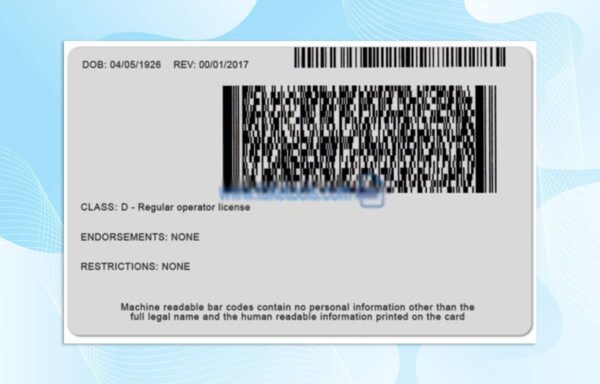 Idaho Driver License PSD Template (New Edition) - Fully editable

===============

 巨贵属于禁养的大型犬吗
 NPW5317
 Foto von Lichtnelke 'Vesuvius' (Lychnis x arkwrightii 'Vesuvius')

===============

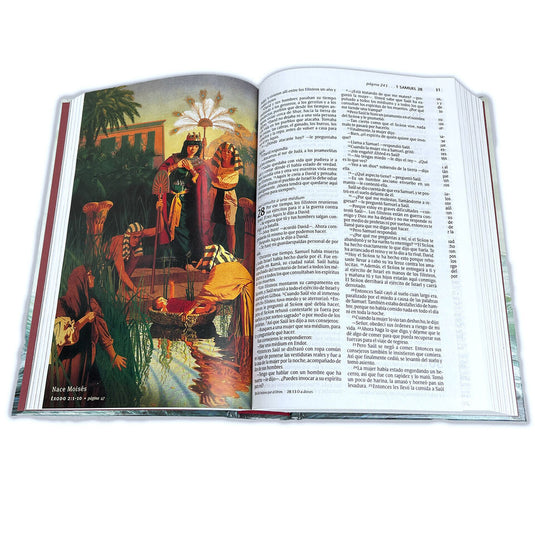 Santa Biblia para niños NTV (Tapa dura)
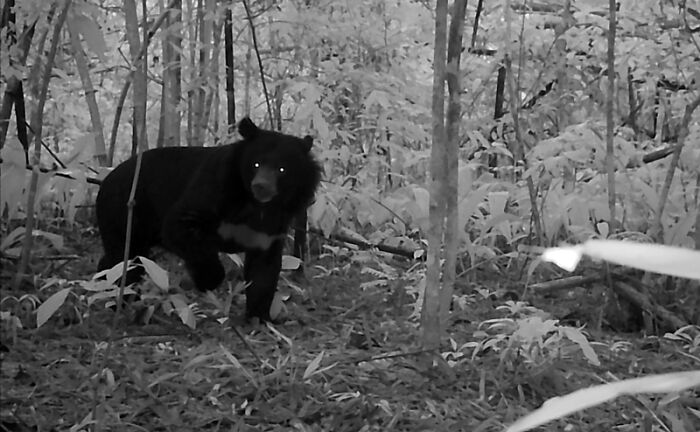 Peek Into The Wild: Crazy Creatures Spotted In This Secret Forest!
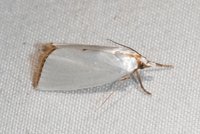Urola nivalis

===============

=== Task ===
Please output the lines of the listing above that fall in the stretch from the one with "巨贵属于禁养的大型犬吗" through the one with "Foto von Lichtnelke", exactly and only those.

=== Answer to the problem ===
 巨贵属于禁养的大型犬吗
 NPW5317
 Foto von Lichtnelke 'Vesuvius' (Lychnis x arkwrightii 'Vesuvius')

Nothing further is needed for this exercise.